When printing something on the Brain with a live update (i.e. clear screen and draw something new on the screen at least once per every time the while(true) loop repeats). I am using this for a system where the brain draws a picture of the field, then draws where my robot will start. This is for an autonomous selector. Usually when doing this, the screen with flicker or flash because the screen is going blank for a little bit right before the new code gets read. I fixed part of this issue by only having the brain clear/redraw when what it needs to draw is different from what is currently drawn. This is great and all, but once I spin my potentiometer to change what is drawn on the screen, it flickers before the new image gets drawn. Is there any way to make it not flicker at all? does it have anything to do with Brain.Screen.Render(), and if now what does that do?

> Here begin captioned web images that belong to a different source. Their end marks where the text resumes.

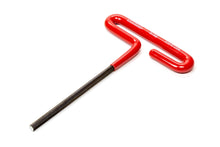 Load image into Gallery viewer, LSM RACING PRODUCTS 1T-5/32 T-Handle Hex Key - 5/32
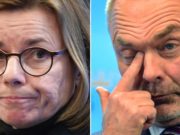 Codeen loo qabtay Bulshada oo lagu ogaaday in Xisbiyada L iyo MP ay Barlamaanka ka baxayaan.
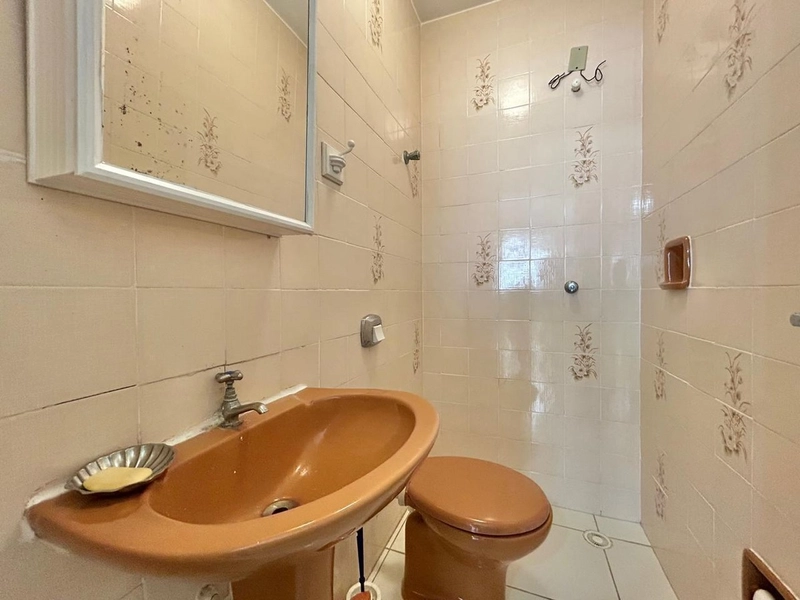 Cobertura no Centro de Capão, junto à praça Luis Bassani: 17ª foto da galeria de imagens do imóvel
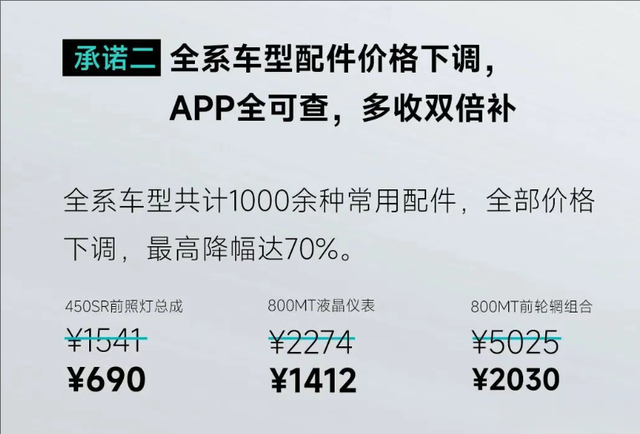 71085辆，春风大幅领跑，2025上半年玩乐车型销量榜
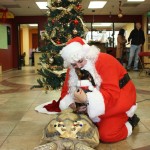 IMG_7533_2527x1685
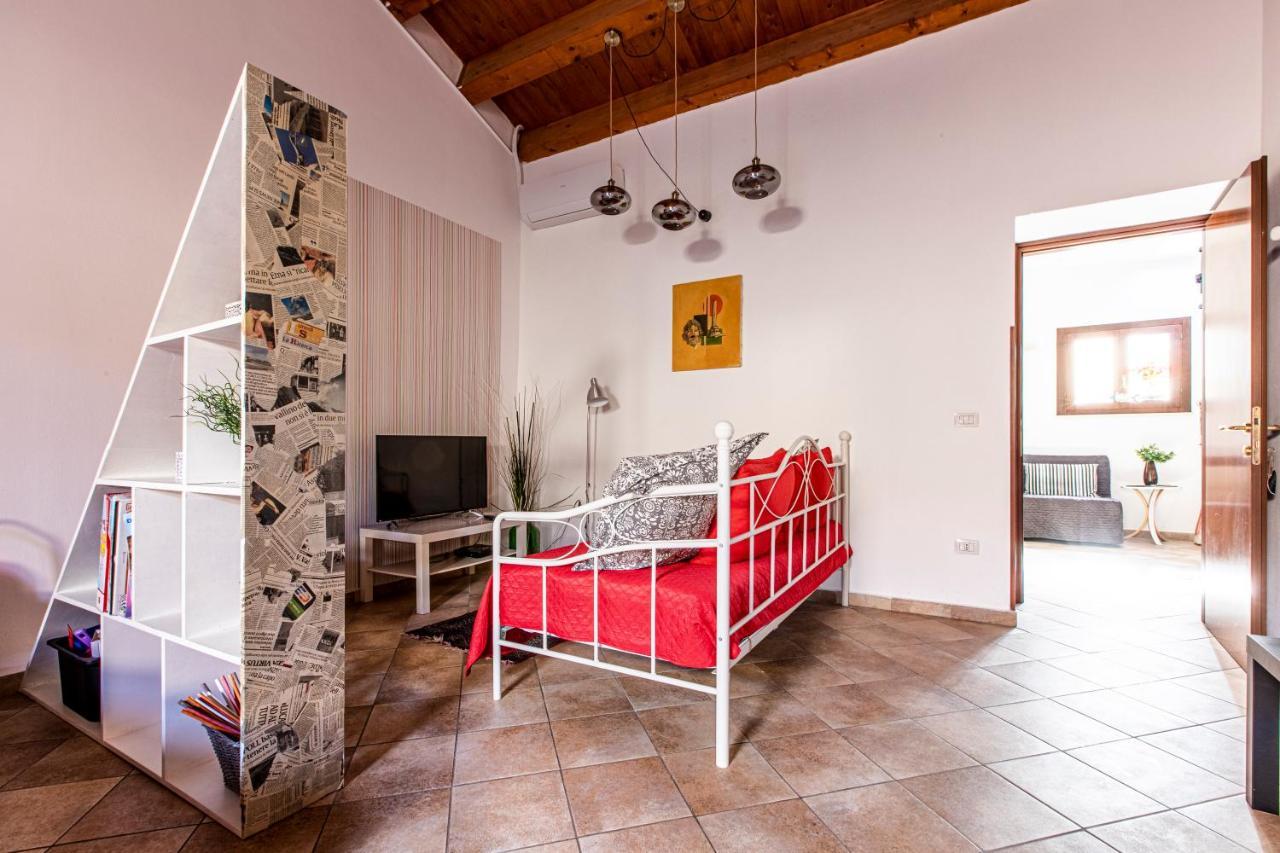Holiday home Casa Calles *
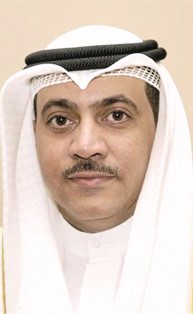 م.سالم الأذينة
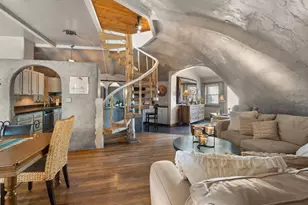 1935 E Joy Ranch Rd, Phoenix, AZ 85086 - Photo 22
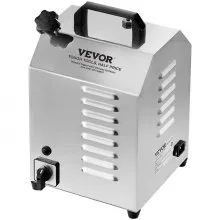 Multi-functional Meat Processing Motor Suitable for Manual Meat Mixer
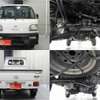 daihatsu hijet-truck 1999 -ダイハツ--ﾊｲｾﾞｯﾄﾄﾗｯｸ GD-S200P--S200P-0009271---ダイハツ--ﾊｲｾﾞｯﾄﾄﾗｯｸ GD-S200P--S200P-0009271- image 36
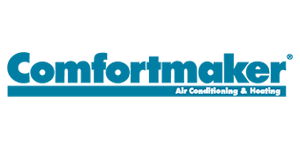 Comfortmaker HVAC service in Delafield Wisconsin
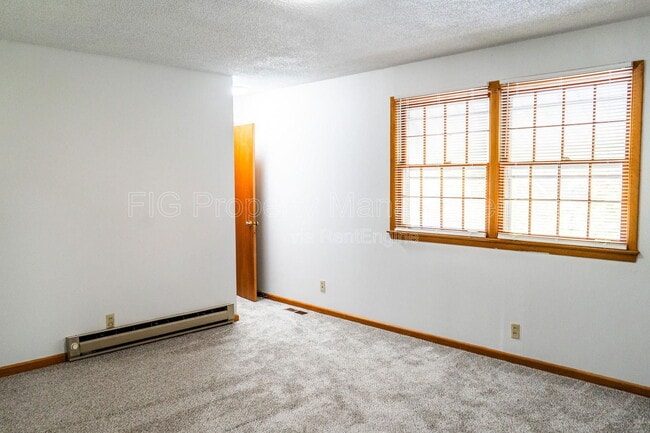 Photo - 4223 Buffat Mill Rd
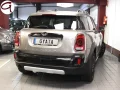 Thumbnail 2 del MINI Countryman One D 85 kW (116 CV)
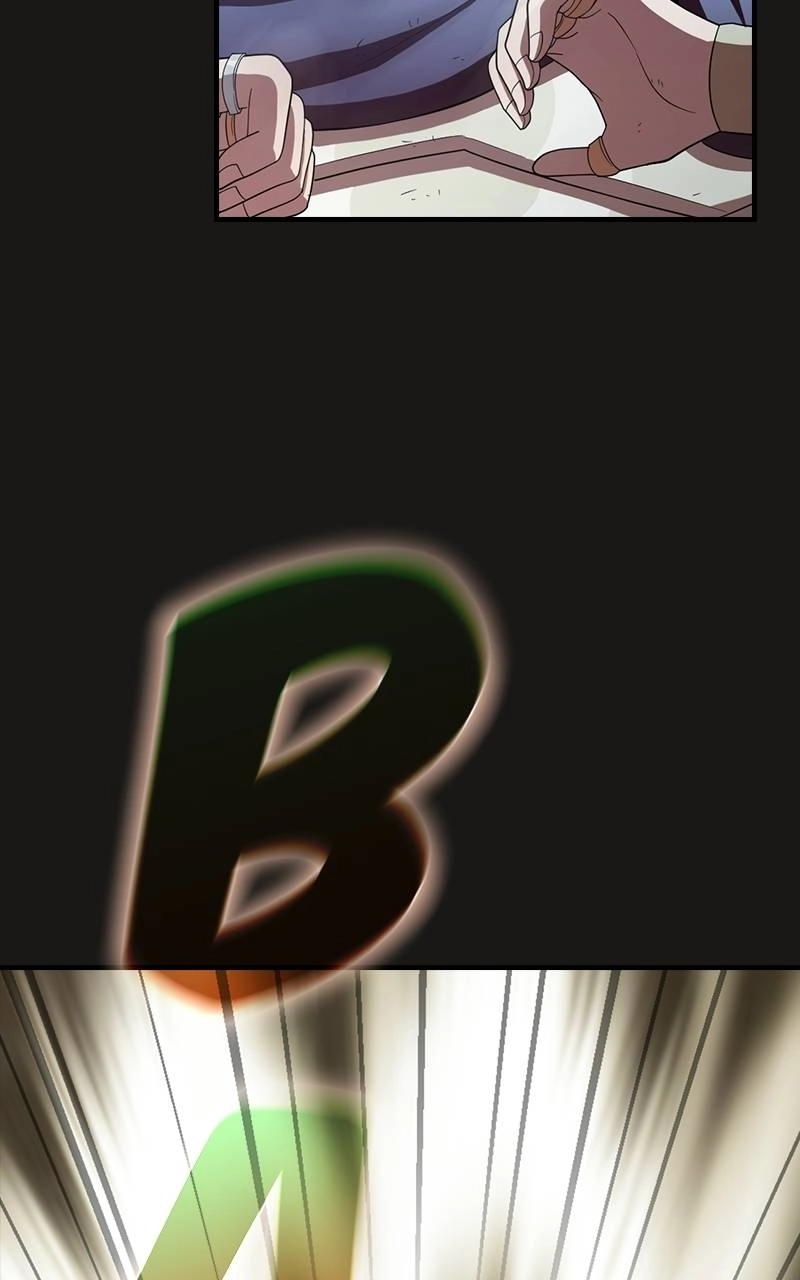 The Advanced Player of the Tutorial Tower Chapter 52, page 98 of 127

If you clear the screen and redraw everything, there is a good chance that you will see flicker. The Brain.Screen.render() method will most likely solve this but you need to understand how it works and some of the limitations to using it.
The reason you see flicker is that we usually draw directly into the V5 screen buffer. The V5 is using the contents of the screen buffer to update the display 60 timer per second. clearing the screen, redrawing an image from a file, etc. all take quite some time and there’s a good chance the V5 screen is refreshed before that is all finished, hence the flicker.
Brain.Screen.render() puts the V5 into a special mode where an area of memory called a back buffer is used for drawing. All draw commands operate on this back buffer until render() is called (the very first call to render() sets everything up, so the first time through the drawing loop you may still see the screen update). render() will pause the current thread until an appropriate time in the display refresh cycle and then quickly copy the contents of the back buffer to the screen memory.
The downside to using render() is that it has to be called somewhere for any screen drawing to be made visible, you would usually call it once in a task dedicated to drawing. It will also slow down the thread using it as it waits for the time to be able to update the display, it can feel like adding a 16mS sleep into your drawing loop.
see the code in my stopwatch demo, I think I used it there.
best way to learn about it is to try it out and see if it helps for your code.